This past March, 3,500 students walked out of Boston Public Schools (BPS) in a well organized action to protest a proposed $50 million budget cut to BPS which would result in the closure of schools, layoff of teachers, and diminished services in extracurricular spaces, AP classes and support for special-needs students. Young organizers began to mobilize weeks prior, beginning when a group of students reached out to the youth-led Boston Area Youth Organizing Project. In an interview published last week in The Nation, young organizers from the movement expressed pleasant surprise with the number of youth who participated, articulated the process of organizing the walkout as well as the disastrous effects such budget cuts would have on the lives of young people throughout Boston and made sophisticated links between budget policies and institutional racism.
The walkout has been covered nationally by the press, yet mayor Marty Walsh’s immediate response questioning who was behind the walkout stripped the youth organizers of their agency. Such ageism is unfortunately common and results in the important role of young organizers being overlooked in social movements (see Contanza-Chock, 2012). Youth across Boston continue to organize for their right to education. Just last week students across the city participated a “walk in” where they organized outside of their schools and walked in together in an act of solidarity along with students in more than 80 cities across the nation. In an interview with the Boston Neighborhood Network about the movement, a student organizer with Boston Student Advisory Council Edward Tapia questioned the validity of mayor Walsh’s response to the action, which purportedly safeguards high schools from budget cuts. Edward spoke of six teachers at his high school losing their jobs and pushed back against the suggestions from a McKinsey audit that suggested BPS could save $85 dollars per year by closing 40% of its schools. Edward smartly mentioned the price tag of the audit, costing over $600,000 to the city, and clarified that the $85 million figure comes from closing the maximum amount of schools on the spectrum presented in the report, which ran from 25 to 50. What Edward didn’t mention, is the role that school choice and charter schools play in the decreasing population of students across BPS.

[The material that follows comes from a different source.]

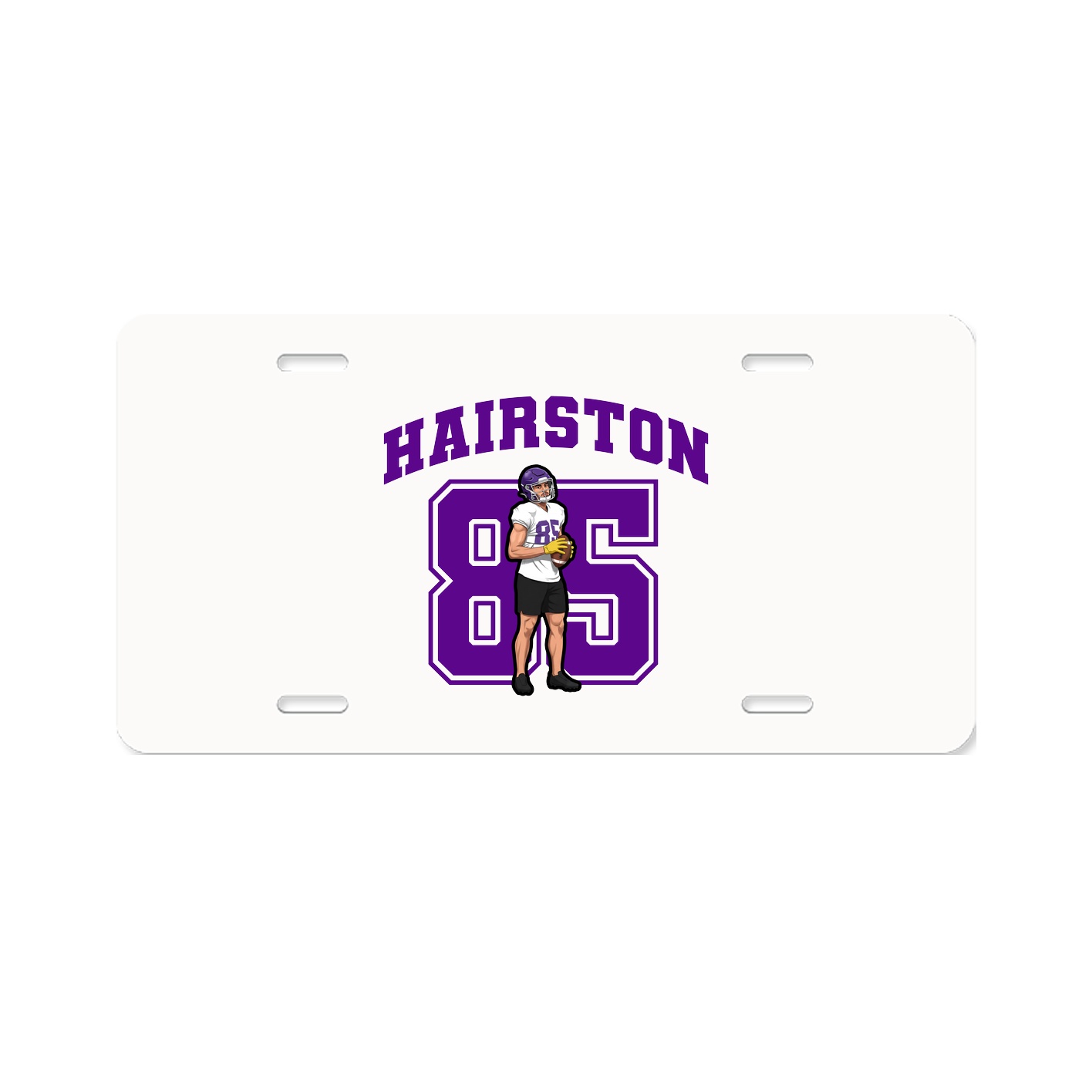 License Plate — Number in Classic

The youth organizing efforts to counter the disastrous budget cuts proposed are making mainstream national media and organizers have employed social media in their actions through the #bpswalkout conversation on twitter and a letter on facebook in February which helped organize the walkout. While successful and visible, this movement is just one of myriad organizing and community engagement efforts young people in Boston are pushing forth every day, engaging with a host of community organizations and projects. Youth organizing groups such as the Boston Student Advisory Council, the Boston Area Youth Organizing Project, The Center for Teen Empowerment and the Hyde Square Task Force actively train youth in organizing to affect political change and engage lawmakers, civic leaders and community members while myriad other creative youth organizations employ the arts as a tool for youth development. Within this host of arts-based youth development spaces, several focus in particular on media-arts, training young people to tell their own stories and engage critically with media rather than being consumers of mass media, such as Presspasstv, CCTV’s Youth Media Program and the Do it Your Damn Self! film festival.
Youth activism is alive and well in Boston, evidenced by the battles young organizers have won making the MBTA safer and more friendly to students, campaigning to revitalize public spaces, engaging national actions for educational justice and continuing to rally against budgetary cuts to education in the city with the greatest income inequality nationwide. It’s time to start recognizing the role that young people here play in the struggle against inequality and their work challenging stereotypes and pernicious policies. We must learn to stand alongside, not in front of, the young people leading us in progressive movements today.